The weather is colder, causing us to insulate and bundle together for comfort. Every other year we come out of an election season that dominates our collective psyche in polarizing and even traumatizing ways. Advent feels like a deep exhale awaiting the promise of a rejuvenating inhale; a sigh of relief that longs for a breath of fresh air.
It is a season of darkness that I associate with artificial lights. I adore Christmas lights, especially colorful ones. Yes, they are fake, and can feel performative. But that’s precisely what I like about them. I experience them as a way we choose to fight off the darkness of this season. As we wait and hope, we choose to light up our communities as extravagantly as we know how. To me, it represents a communal fight against despair; putting them up in my apartment and seeing them as I drive around renews the fight in me against my own despair and the despair of the world.
In this way, the lights represent a belief that light can drown out darkness. It’s the message of John 1 about Jesus, that “the light shines in the darkness, and the darkness did not overcome it.” It’s a metaphor that I hold most sacred: no matter how much darkness there is, darkness cannot extinguish light. Light always illuminates darkness, even if only the smallest amount.
In Advent, we commemorate the waiting for the light of the world, as it gets darker and darker. It is a season of doubt and despair, with just an inkling of hope; like a single colored Christmas bulb in a blacked-out auditorium. It’s a season where “belief” is harder and harder to come by. In this time, I light up anything I can, no matter how artificial.
Something I was given years ago that sustained me during my long season of deconstruction, that feels particularly true each Advent, and all the more this year, is this:
Wanting to believe is the same thing as believing.
If you find yourself in a period of doubt, despair, or deconstruction, as the world grows darker and colder, be reminded that belief itself is simply a holding on; a desire for the best hopes for God’s world to come true, to be true. Take it from Mary, whose Magnificat declares the liberation of the lowly still nine months before Jesus would ever be born, and 30 years before he would begin to bring “good news to the poor.” She has little to count on except her hopes. A short chapter after this, Luke says that Mary “treasured up all these things and pondered them in her heart.” She would need to, because what she wanted to believe about her son was still a long way out.

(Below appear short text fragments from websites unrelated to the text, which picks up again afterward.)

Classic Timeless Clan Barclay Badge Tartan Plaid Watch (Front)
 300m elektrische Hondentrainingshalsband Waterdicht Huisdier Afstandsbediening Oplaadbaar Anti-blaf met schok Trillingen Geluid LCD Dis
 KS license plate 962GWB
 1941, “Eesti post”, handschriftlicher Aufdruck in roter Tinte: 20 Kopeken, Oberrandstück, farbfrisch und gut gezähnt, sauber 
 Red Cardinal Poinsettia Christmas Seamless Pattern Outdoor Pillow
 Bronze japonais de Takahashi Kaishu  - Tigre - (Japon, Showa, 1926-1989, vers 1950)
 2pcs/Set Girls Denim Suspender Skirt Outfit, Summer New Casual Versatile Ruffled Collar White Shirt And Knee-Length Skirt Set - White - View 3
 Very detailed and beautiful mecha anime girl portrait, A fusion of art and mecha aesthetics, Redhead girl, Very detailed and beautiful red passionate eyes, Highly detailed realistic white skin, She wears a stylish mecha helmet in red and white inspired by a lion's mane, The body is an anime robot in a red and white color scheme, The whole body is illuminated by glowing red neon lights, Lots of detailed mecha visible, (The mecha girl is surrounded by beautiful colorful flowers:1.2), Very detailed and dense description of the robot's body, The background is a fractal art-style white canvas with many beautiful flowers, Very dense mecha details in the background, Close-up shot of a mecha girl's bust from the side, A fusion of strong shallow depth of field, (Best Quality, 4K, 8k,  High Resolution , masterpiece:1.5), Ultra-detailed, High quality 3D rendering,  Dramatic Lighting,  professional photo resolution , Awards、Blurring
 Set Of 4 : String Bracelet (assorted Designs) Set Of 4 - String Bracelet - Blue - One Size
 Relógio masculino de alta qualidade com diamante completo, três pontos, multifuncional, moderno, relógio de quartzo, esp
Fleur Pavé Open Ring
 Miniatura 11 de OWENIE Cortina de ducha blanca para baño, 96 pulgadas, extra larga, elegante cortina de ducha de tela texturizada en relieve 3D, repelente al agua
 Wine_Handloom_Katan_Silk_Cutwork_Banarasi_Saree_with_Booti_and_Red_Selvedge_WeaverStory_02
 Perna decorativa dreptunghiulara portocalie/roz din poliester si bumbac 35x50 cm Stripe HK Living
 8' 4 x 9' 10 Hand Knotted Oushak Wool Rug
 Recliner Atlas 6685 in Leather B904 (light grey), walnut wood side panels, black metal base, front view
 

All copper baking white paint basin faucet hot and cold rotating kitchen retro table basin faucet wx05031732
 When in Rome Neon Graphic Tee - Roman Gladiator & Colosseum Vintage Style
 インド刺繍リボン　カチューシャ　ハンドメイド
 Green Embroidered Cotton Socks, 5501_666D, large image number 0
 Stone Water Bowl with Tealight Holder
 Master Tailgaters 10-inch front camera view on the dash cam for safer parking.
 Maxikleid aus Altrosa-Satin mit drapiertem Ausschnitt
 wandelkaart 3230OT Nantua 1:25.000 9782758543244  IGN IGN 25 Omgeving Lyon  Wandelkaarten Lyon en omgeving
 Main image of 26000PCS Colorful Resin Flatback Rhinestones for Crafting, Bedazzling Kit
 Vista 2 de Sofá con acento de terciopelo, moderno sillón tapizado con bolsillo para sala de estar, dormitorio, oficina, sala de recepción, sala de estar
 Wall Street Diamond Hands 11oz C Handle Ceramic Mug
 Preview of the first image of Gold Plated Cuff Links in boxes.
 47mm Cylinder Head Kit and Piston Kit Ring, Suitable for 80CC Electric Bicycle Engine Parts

If you find yourself in this season wondering what you believe, or whether you believe, I encourage you to ask a new question. What we have called “Belief” in the Church for so long is an impossible proposition: expecting intellectual assent to things that are unknowable, ineffable, and decidedly counter-intellectual. “Belief” in God, in Christ, is not about affirming doctrines, studying systematic theology, or forming theses. (Though we are grateful for those who do this work in ways that strengthen faith rather than measure it.)
Belief is about hope and desire – that the teachings of Jesus are true, that forgiveness and love are the right ways to live, that the world is being reconciled to God, that light shines in the darkness and the darkness, however vast, cannot win.
Belief isn’t an assertion; it’s a confession. We confess that against overwhelming evidence of darkness and despair, we still hope that God is Love, and that Love is overcoming the world.
In this especially dark Advent, I encourage you to practice and celebrate whatever reminds you of these things, that you may treasure them and store them in your heart. For me, I will light up my world with artificial colors to sustain my hope that the Light of the World has come, is coming; has won, and is winning.